Legal Strategy

    Credit Hire in Scotland: What QOCS Actually Changed

    Five years on from QOCS, what Scottish credit hire handlers need to know about fraud thresholds, Manley v McLeese, and litigation-grade file build.

    CaseFlow Team28 April 20267 min read
    Credit Hire in Scotland: What QOCS Actually Changed

    Scottish defender firms have been vocal about a rising tide of litigation and what they see as the role of Qualified One-Way Costs Shifting in driving it. The argument is now playing out in industry journals and the national press. For credit hire handlers running Scottish cases, the commentary matters less than the underlying rules.

    What QOCS Is, in Plain Terms

    QOCS was introduced by the Civil Litigation (Expenses and Group Proceedings) (Scotland) Act 2018 and came into force on 30 June 2021. The core principle: an unsuccessful pursuer in a personal injury claim is generally protected from paying the defender's expenses. This applies to PI claims including those with credit hire attached.

    Three headline exceptions: the court can disapply QOCS where the claim is fraudulent, where there has been an abuse of process, or where the pursuer's conduct has been manifestly unreasonable.

    How QOCS Changed Credit Hire Litigation Economics

    Before QOCS, the costs risk of losing was a real brake on marginal claims. Post-QOCS, that downside shrinks. Cases that previously settled pre-action or were dropped now push further into litigation.

    Expect more Scottish cases to reach proof, more fraud allegations raised pre-litigation, and more scrutiny of pursuer conduct than two or three years ago.

    The Fraud Question

    Defenders can ask the court to set QOCS aside where fraud, abuse of process, or manifestly unreasonable conduct is established. The friction is over what's being raised pre-litigation — sometimes blanket fraud concerns on nothing more than a delay between accident and intimation.

    There is now Scottish appellate authority on exactly this point. In Natalie Manley v Thomas McLeese [2024] SAC (Civ) 16, the first reported Sheriff Appeal Court decision on QOCS, the court held that the threshold for a finding of fraudulent representation is a high one. Simply preferring one party's evidence over another's does not, on its own, justify stripping QOCS protection.

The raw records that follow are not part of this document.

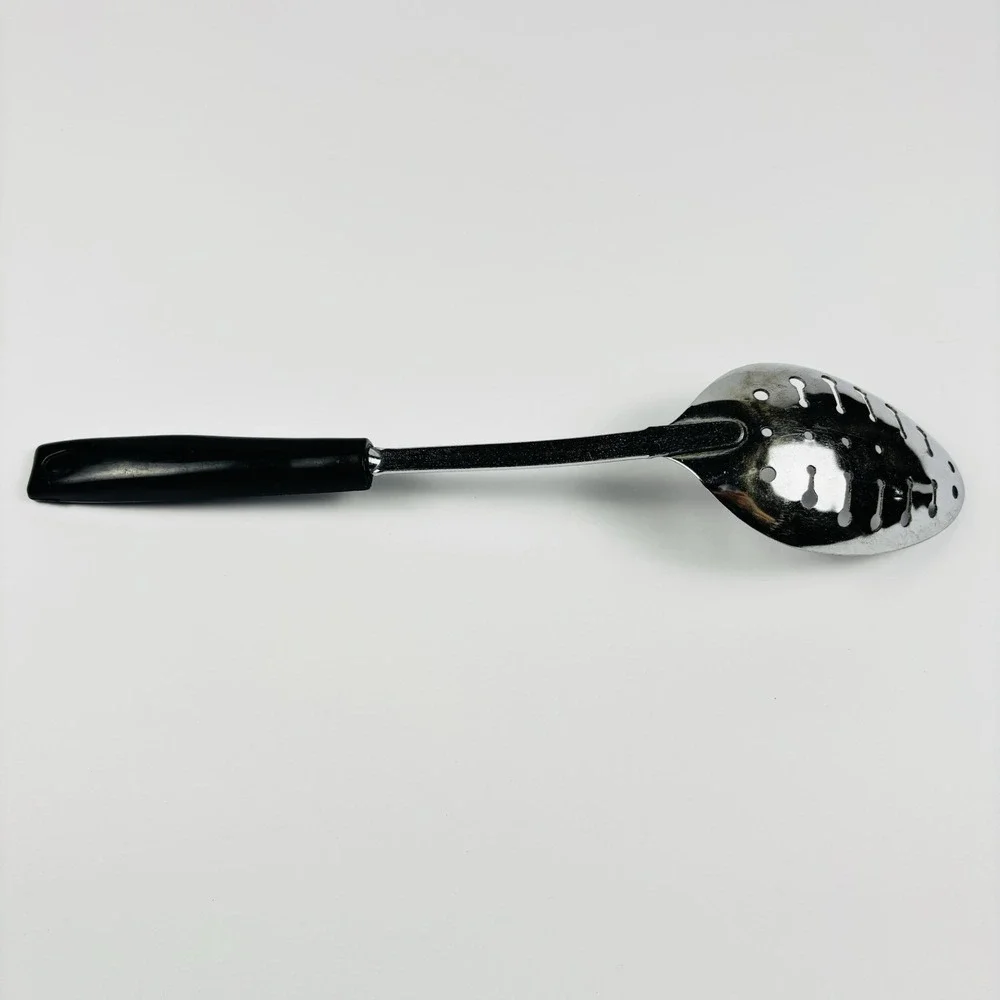 2 Vtg Ecko Spoons Slotted Metal Serving Spoon Utensil Black Plastic Handle
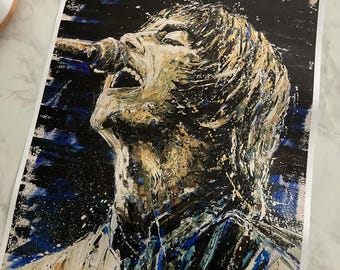 オアシス - ノエル＆リアム・ギャラガー - イラストプリント サイン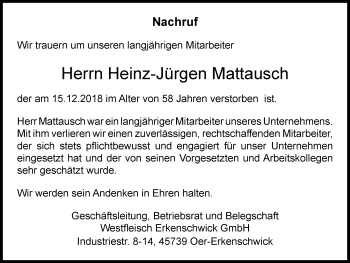 Traueranzeige von Heinz-Jürgen Mattausch von Stadtspiegel Re+Marl+Dat+Herten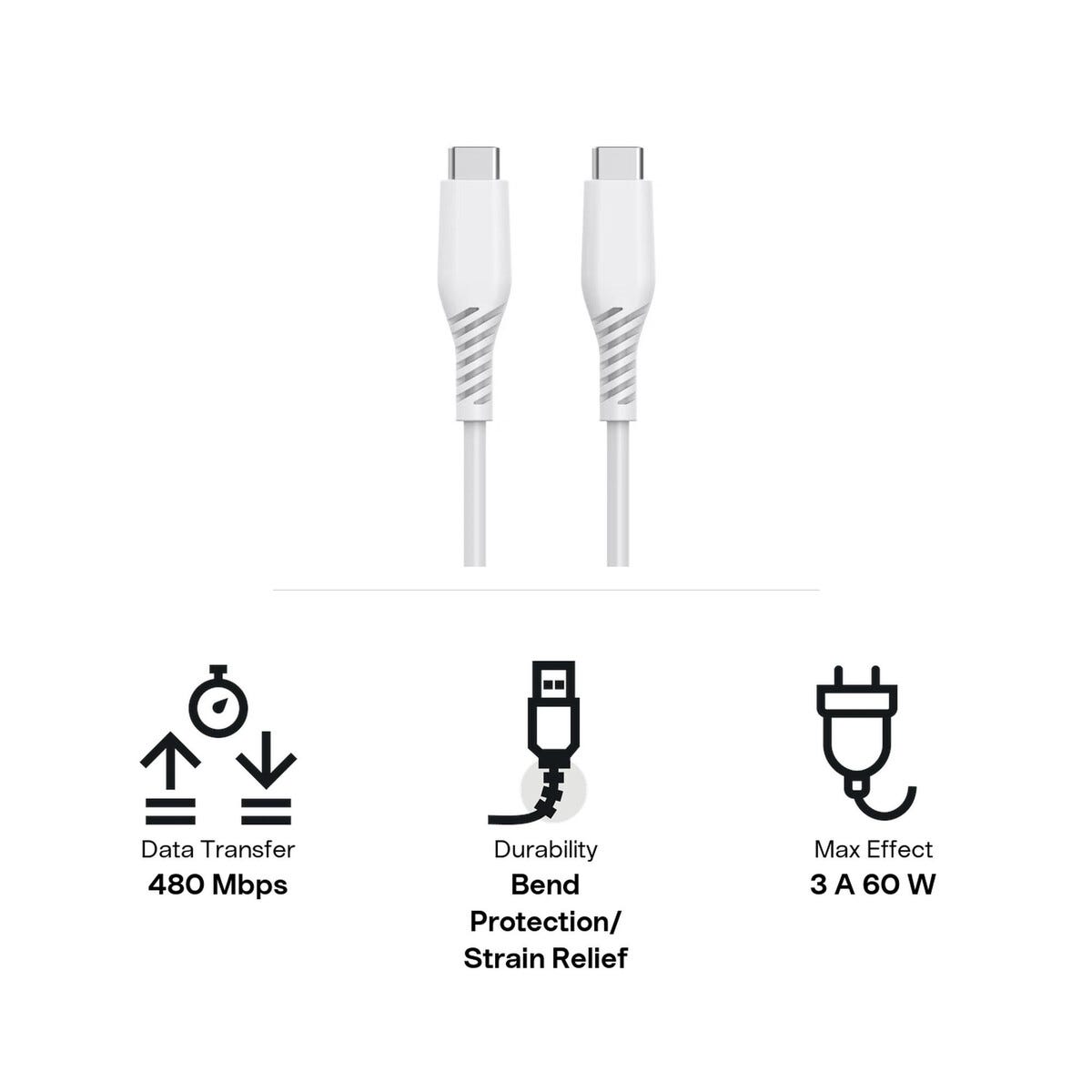 USB-C till USB-C-kabel 2m Vit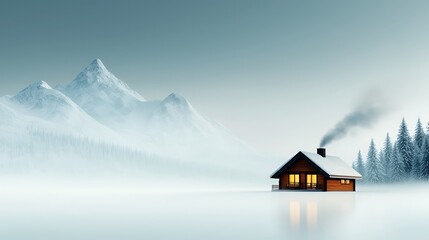 Fototapeta premium A peaceful snowy landscape, with a small cabin and smoke rising from its chimney, surrounded by tall pine trees covered in snow under a clear blue sky. Ultra-Realistic, Photo Realistic, highly 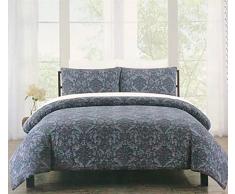le Provence Bettwäsche-Set für King-Size-Bett, klassisch, einfarbig, Damastmuster, gewaschen, 100 % Baumwolle, Marineblau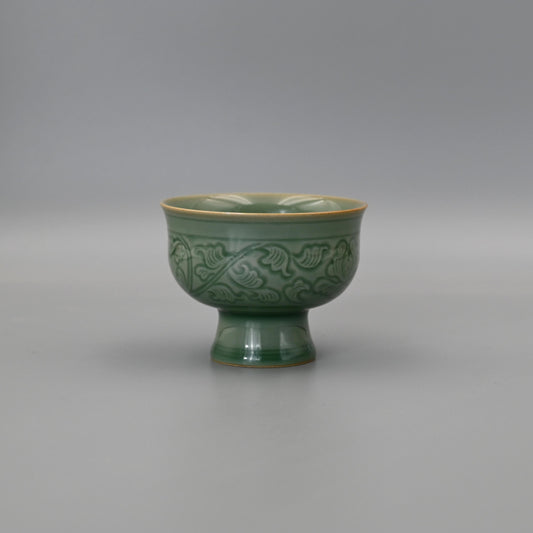 Longquan Celadon High-Stem Cup with Relief Decoration of Intertwined Lotus Design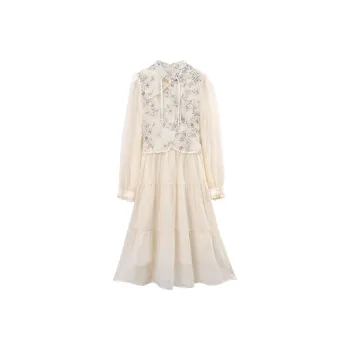 A Paradise For Awakening Long Sleeved Dress Women's Beige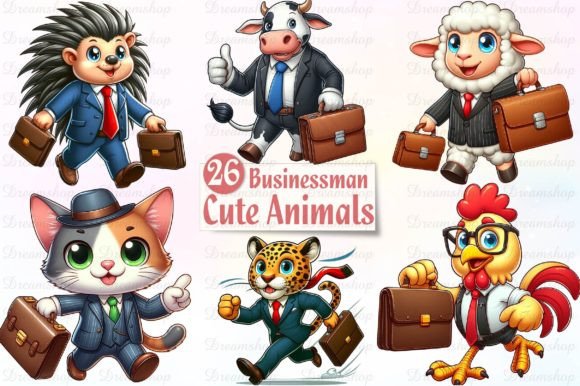 Download Cute Businessman Animals Sublimation PNG - Business Collection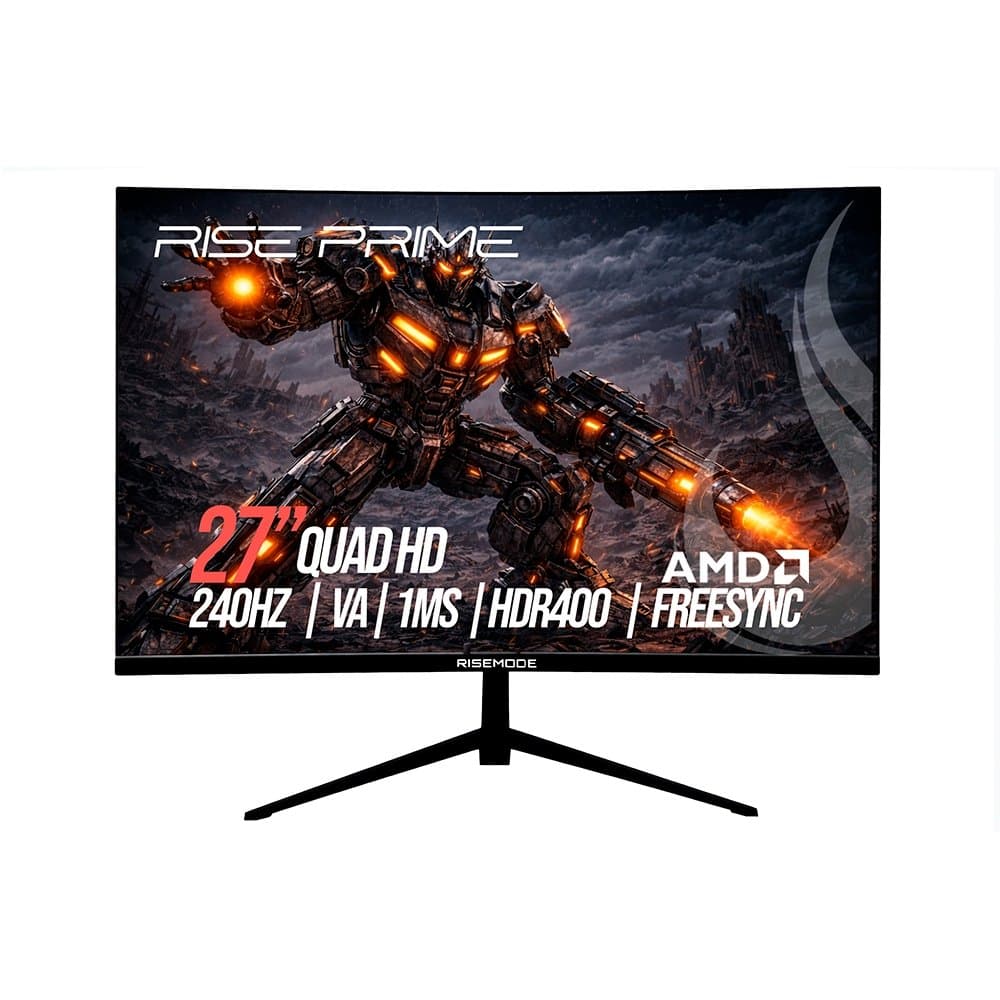 Vale a pena: Monitor Gamer Curvo Rise Mode Prime 27, QHD, 240Hz, 1ms, VA, FreeSync, HDR 400, HDMI e, Preto - RM-MOG-27C...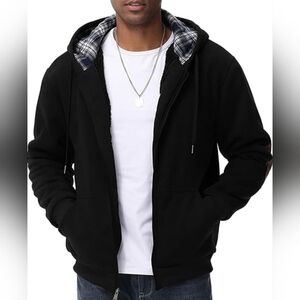 Mens Thick Plaid Lined Hoodie Zipup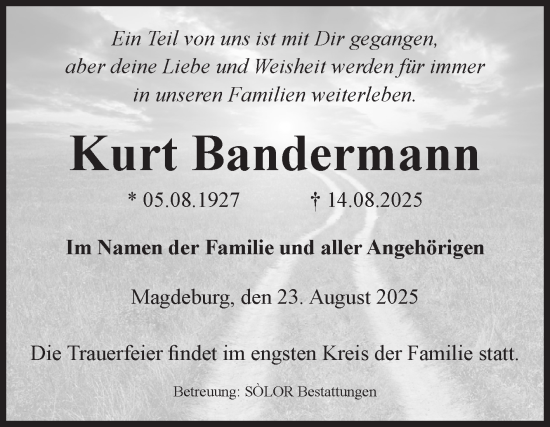 Traueranzeige von Kurt Bandermann von Volksstimme Magdeburg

    Your Scottish Credit Hire Playbook

    • Intimate promptly and keep a clear audit trail. Late intimation isn't a legal problem in itself, but it's used as a hook for fraud concerns.
    • Front-load the evidence. Impecuniosity, need, rate benchmarking, and mitigation in the file before pre-litigation correspondence goes out.
    • Plan for litigation. An increasing share won't settle pre-action.
    • Know the route. Most Scottish credit hire goes through the Sheriff Court, with the All-Scotland Sheriff Personal Injury Court in Edinburgh handling specialist work.
    • Track defender tactics. Log blanket fraud denials and lean on Manley v McLeese.

    The Takeaway

    QOCS isn't a pursuer advantage. It's an access-to-justice mechanism with built-in safeguards for defenders where claims cross the line. The Sheriff Appeal Court has made clear those safeguards work both ways.

    For credit hire handlers, the real shift is operational. Cases that used to settle on costs risk now need litigation-grade evidence from day one.

    Disclaimer: this article is general guidance, not legal advice.